Leaving MIRI, Seeking Funding

This is slightly old news at this point, but: as part of MIRI’s recent strategy pivot, they’ve eliminated the Agent Foundations research team. I’ve been out of a job for a little over a month now. Much of my research time in the first half of the year was eaten up by engaging with the decision process that resulted in this, and later, applying to grants and looking for jobs.

I haven’t secured funding yet, but for my own sanity & happiness, I am (mostly) taking a break from worrying about that, and getting back to thinking about the most important things.

However, in an effort to try the obvious, I have set up a Patreon where you can fund my work directly.
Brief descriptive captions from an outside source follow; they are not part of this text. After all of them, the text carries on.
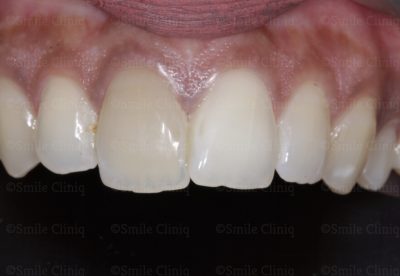 Discoloured central incisor before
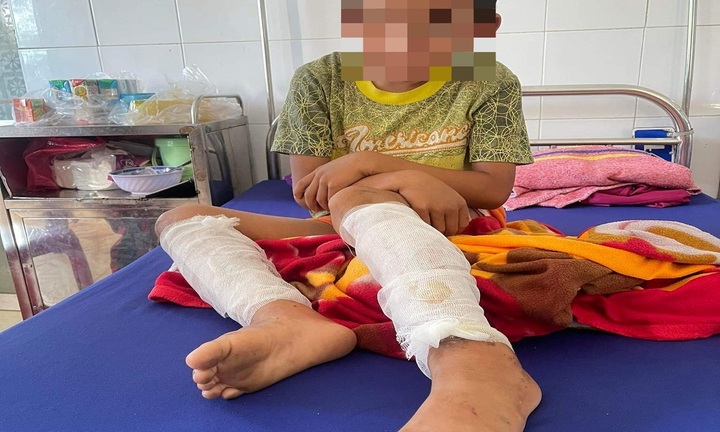  Cháu bé lớp 3 bị cha đốt bằng xăng và rơm ở Quảng Bình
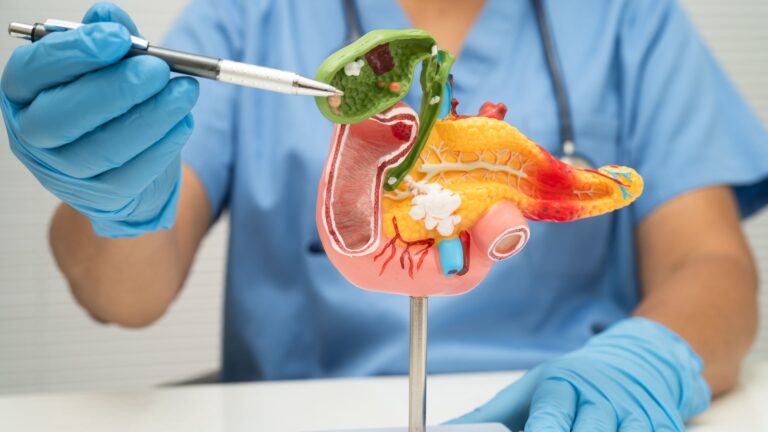 Tratamento para Recidiva de Câncer Digestivo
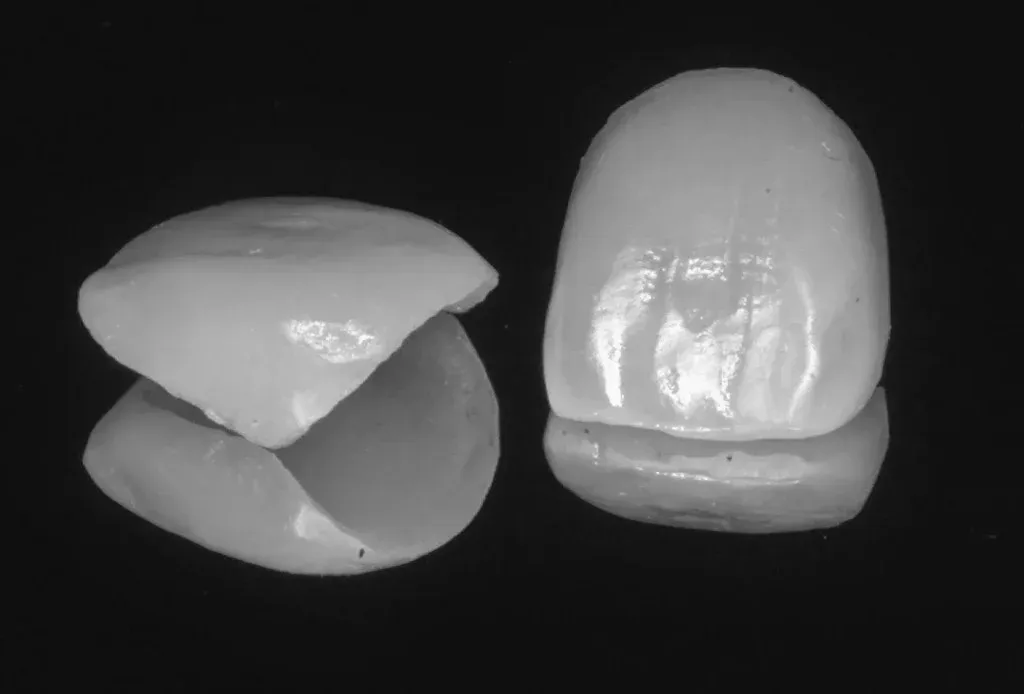Layered anterior restoration showing value, translucency, and surface texture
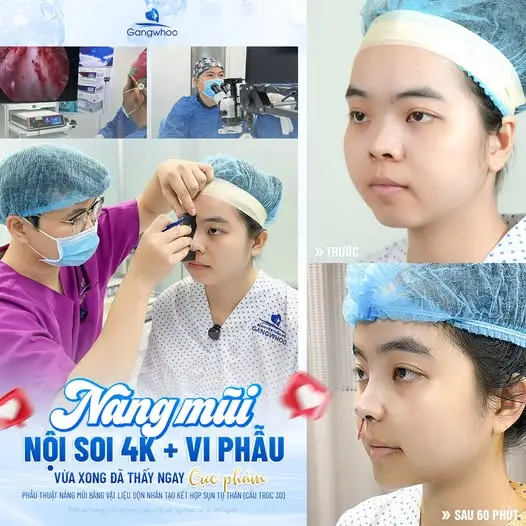 Thời điểm ăn mắm nêm an toàn sau khi nâng mũi
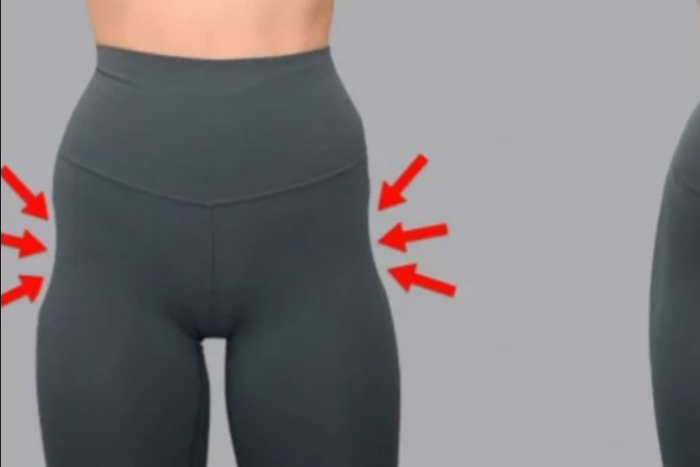 Hip dips are normal, but can they be gotten rid of? [Freepik]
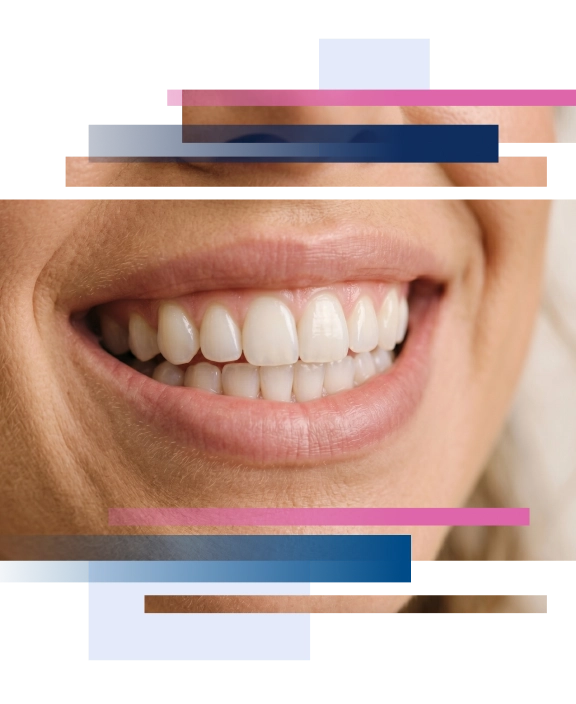 Close-up of a woman's smiling mouth showing white teeth and soft lips.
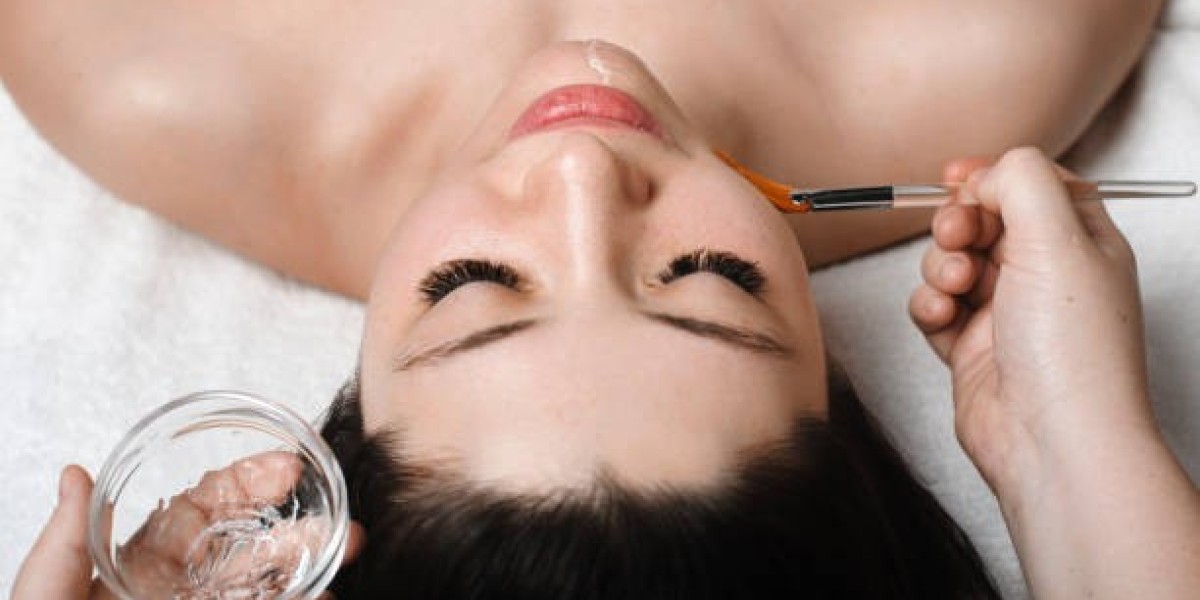 Chemical Peels in Riyadh: The Key to Smoother, Firmer Skin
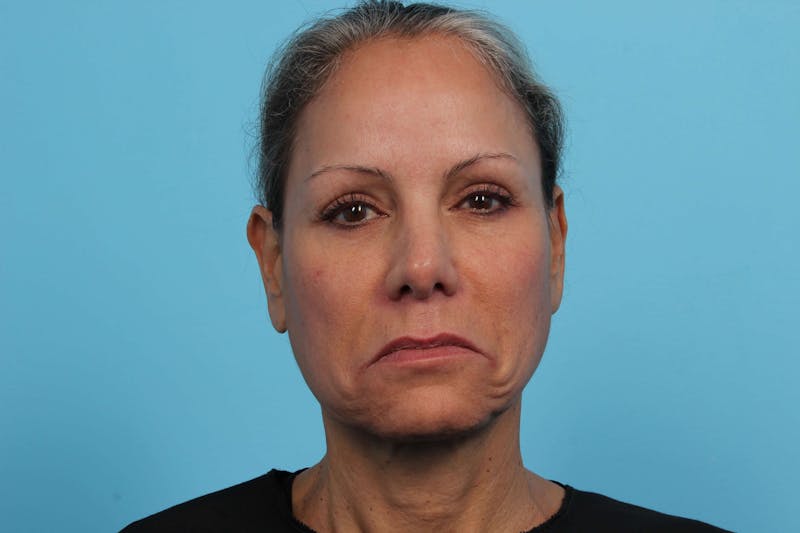 BOTOX<sup>®</sup> Before & After Gallery - Patient 119279244 - Image 3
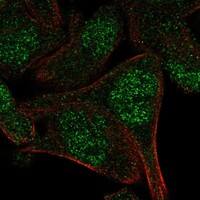 Immunocytochemistry/Immunofluorescence: APPBP2 Antibody [NBP3-21310] -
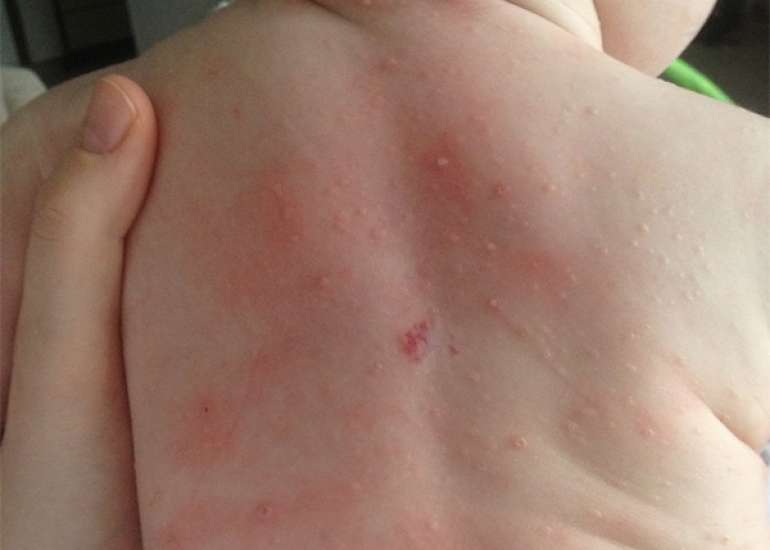 Letterer-siwe disease presenting as a retro auricular swelling-a diagnostic dilemma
I don’t expect it to become my main source of income, but if it does, that could be a pretty good scenario for me; it would be much nicer to get money directly from a bunch of people who think my work is good and important, as opposed to try to justify my work regularly in grant applications.

What I’m (probably) Doing Going Forward

I’ve been told by several people within MIRI and outside of MIRI that it seems better for me to do roughly what I’ve been doing, rather than pivot to something else. As such, I mainly expect to continue doing Agent Foundations research.

I think of my main research program as the Tiling Agents program. You can think of this as the question of when agents will preserve certain desirable properties (such as safety-relevant properties) when given the opportunity to self-modify. Another way to think about it is the slightly broader question: when can one intelligence trust another? The bottleneck for avoiding harmful self-modifications is self-trust; so getting tiling results is mainly a matter of finding conditions for trust.

The search for tiling results has two main motivations:

  • AI-AI tiling, for the purpose of finding conditions under which AI systems will want to preserve safety-relevant properties.

  • Human-AI tiling, for the purpose of understanding when we can justifiably trust AI systems.

While I see this as the biggest priority, I also expect to continue a broader project of deconfusion. The bottleneck to progress in AI safety continues to be our confusion about many of the relevant concepts, such as human values.

I’m also still interested in doing some work on accelerating AI safety research using modern AI.

Thoughts on Public vs Private Research

Some work that is worth doing should be done in a non-public, or even highly secretive, way.[1] However, my experience at MIRI has given me a somewhat burned-out feeling about doing highly secretive work. It is hard to see how secretive work can have a positive impact on the future (although the story for public work is also fraught). At MIRI, there was always the idea that if we came up with something sufficiently good, something would happen… although what exactly was unclear, at least to me.

Secretive research also lacks feedback loops that public research has. My impression is that this slows down the research significantly (contrary to some views at MIRI).

In any case, I personally hope to make my research more open and accessible going forward, although this may depend on my future employer. This means writing more on LessWrong and the Alignment Forum, and perhaps writing academic papers.

As part of this, I hope to hold more of my research video calls as publicly-accessible discussions. I’ve been experimenting with this a little bit and I feel it has been going well so far.


If you’d like to fund my work directly, you can do so via Patreon.

  1. ^

    Roughly, I mean dangerous AI capabilities work, although the “capabilities vs safety” dichotomy is somewhat fraught.